Turns out that this preschooler, although obviously not afraid of monster banana peels hiding in her closet, is now very afraid of spiders. And she thinks they are in her room at night ready to eat her face. I’m sympathetic to this phobia, I don’t care for spiders myself, but I cannot sleep if she is sleeping next to me. Maybe it’s the way both her arms and legs seem to detach from her body and relocate themselves onto my head, or the way she wakes up every ten minutes to ask for water or an episode of Spongebob. I just cannot do it, and if we catch her coming into our room in the middle of the night we’ll walk her back to her bed and calm her down. Let her know that spiders only eat faces in daylight.

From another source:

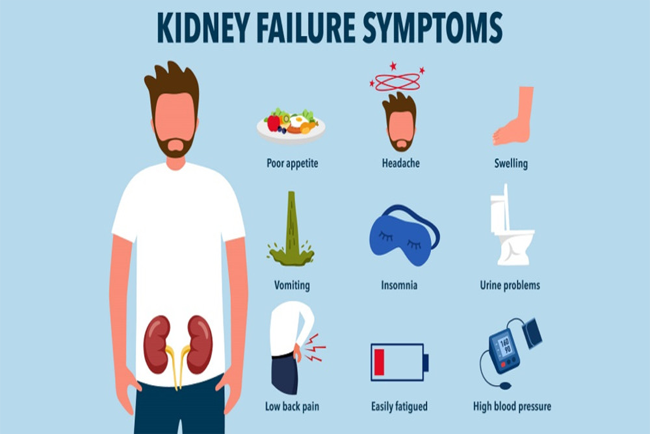 what is stage 3 kidney disease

She has this figured out now, and even though I’m normally a light sleeper she has snuck into our room for the past three nights without us knowing. I’ll just turn over and be face to face with her sleeping butt not knowing when or how she got in there. The logical thing to do would be to carry her back to her own bed, except she is more of a light sleeper than I am and has been known to wake up because someone next door dropped a cotton ball on the floor. It will eventually come to that, probably tonight when I go four nights in a row without sleeping and, shit, I’m already awake, might as well be useful and walk her back to her bed 12 times. The last time she went through this phase we had to do just that, keep walking her back to her bed until she finally realized that we weren’t giving in, but like all recurring parental battles, there are those moments or days of hesitation where you go, oh God, not this again, do I have the stamina? Maybe if we ignore it? It will just go away? And then BOOM. PRESCHOOLER BUTT IN FACE. AGAIN.

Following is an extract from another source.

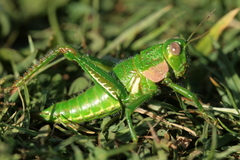 Antandrus viridis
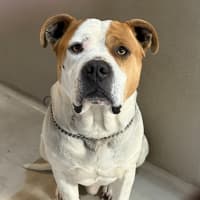 Photo of Odie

This afternoon Leta and I were playing with the toy doctor set we got her for Christmas one year, taking turns being the doctor, and when she was the patient she claimed to have a stomach ache from eating too many snowballs. And I was all, dude, you’ve got to lay off the snowballs, haven’t we talked about this already? So I took her blood pressure, listened to her heartbeat and then pretended to remove the snowballs with some tweezers. When it was her turn to be the doctor she asked me what was wrong, and I said, doctor, it’s urgent. I haven’t slept in three days because my daughter refuses to sleep in her own bed. What do you prescribe?

“What’s your daughter’s name?” she asked.

“Leta. Her name is LETA,” I shot back.

“Hmm…” she said. “… I don’t think it’s Leta. I think it’s all those stop signs you’ve been eating.”